### AIM OF THE EXERCISE
Transcribe exactly the lines that fall between the one holding "Vic - Casa Vilarrúbia (Foto: Albert" and the one holding "Eckental: Christkind und", inclusive, from the entries below.

### EXTRACTED DATA
------------------------------------
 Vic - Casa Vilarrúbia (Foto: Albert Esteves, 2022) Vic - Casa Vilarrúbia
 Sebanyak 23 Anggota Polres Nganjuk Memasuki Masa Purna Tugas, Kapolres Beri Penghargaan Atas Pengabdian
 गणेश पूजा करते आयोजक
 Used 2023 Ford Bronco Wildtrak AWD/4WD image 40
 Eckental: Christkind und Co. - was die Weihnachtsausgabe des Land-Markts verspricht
------------------------------------
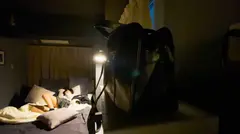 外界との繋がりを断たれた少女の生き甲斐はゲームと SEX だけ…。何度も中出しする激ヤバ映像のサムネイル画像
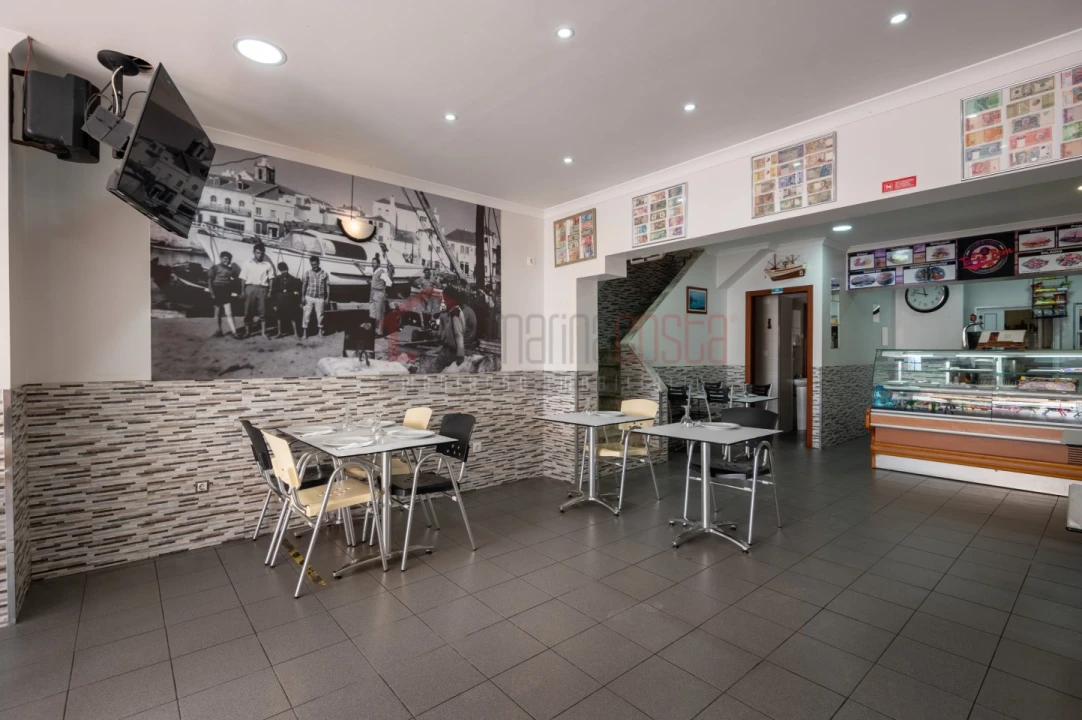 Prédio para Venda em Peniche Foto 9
------------------------------------
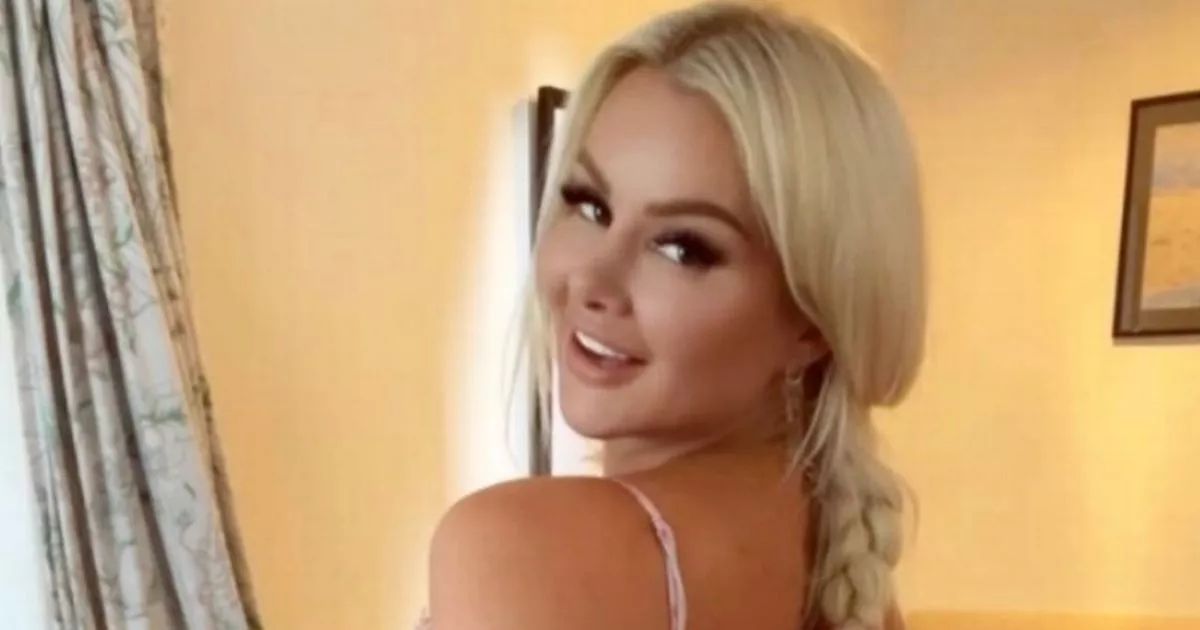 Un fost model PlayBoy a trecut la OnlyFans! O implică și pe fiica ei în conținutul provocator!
------------------------------------
### EXPECTED ANSWER
 Vic - Casa Vilarrúbia (Foto: Albert Esteves, 2022) Vic - Casa Vilarrúbia
 Sebanyak 23 Anggota Polres Nganjuk Memasuki Masa Purna Tugas, Kapolres Beri Penghargaan Atas Pengabdian
 गणेश पूजा करते आयोजक
 Used 2023 Ford Bronco Wildtrak AWD/4WD image 40
 Eckental: Christkind und Co. - was die Weihnachtsausgabe des Land-Markts verspricht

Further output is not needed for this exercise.